The Great Emergence (of) Christianity: Changing the World

— by Phyllis Tickle —

No short piece of commentary can hope to speak with either credibility or utility about the future of Christianity globally. Even to speak of the future of Western Christianity in so attenuated a fashion as this is suspect; but at least one has a somewhat increased hope, if not of hitting the mark, then of coming a bit nearer to it.

Whether one chooses to speak of Western culture or first-world culture or, more accurately, of those parts of the world that practice Latin or Latinized Christianity, the truth is that the cultures and societies that are so denoted pass, about every half a millennium, through times of major upheaval. Every aspect of their common life, be it economic, political, intellectual, or sociological, undergoes massive re-structuring; and that storm of pervasive change always involves, as well, a re-structuring of the forms of religion(s) that hold hegemony at the time of shift.
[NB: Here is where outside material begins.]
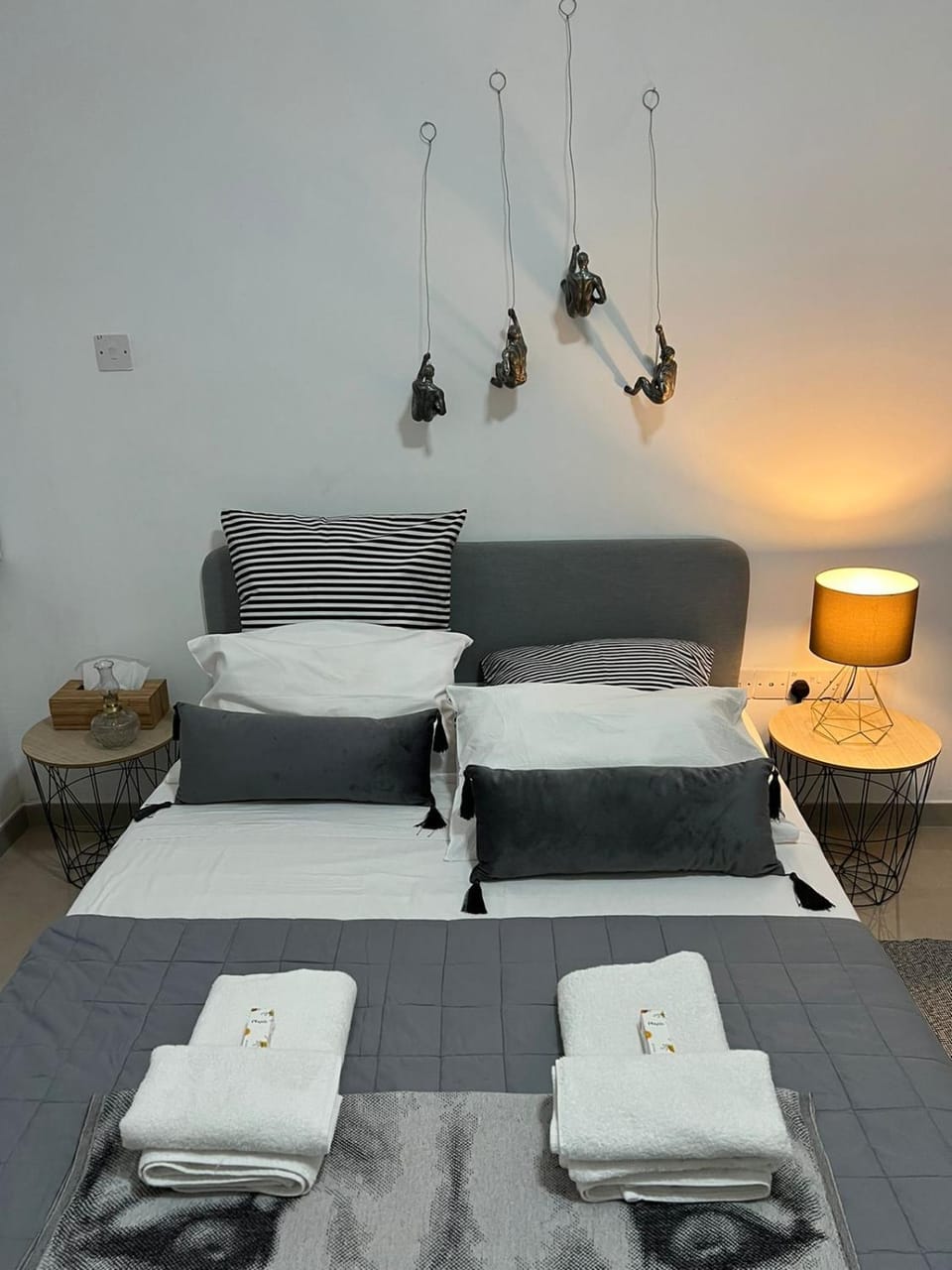Bed, Bedroom, towels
We are in such a time now.

The upheaval or tsunami we are passing through in the 21st century is the Great Emergence; and just as the Great Reformation of 500 years ago gave us the rise of the nation-state, the birth of capitalism, the growth of the middle-class and, oh! by the way, Protestant Christianity, so the Great Emergence is giving us Thomas Friedman’s flat world and the globalization of its cultures, the ‘mergonomics’ of the world’s economies, the non-nuclear and/or extended family as a norm, the ascendancy of information and technology as the basis of barter, and, oh! by the way, Emergence Christianity (not to mention emergence Judaism as well).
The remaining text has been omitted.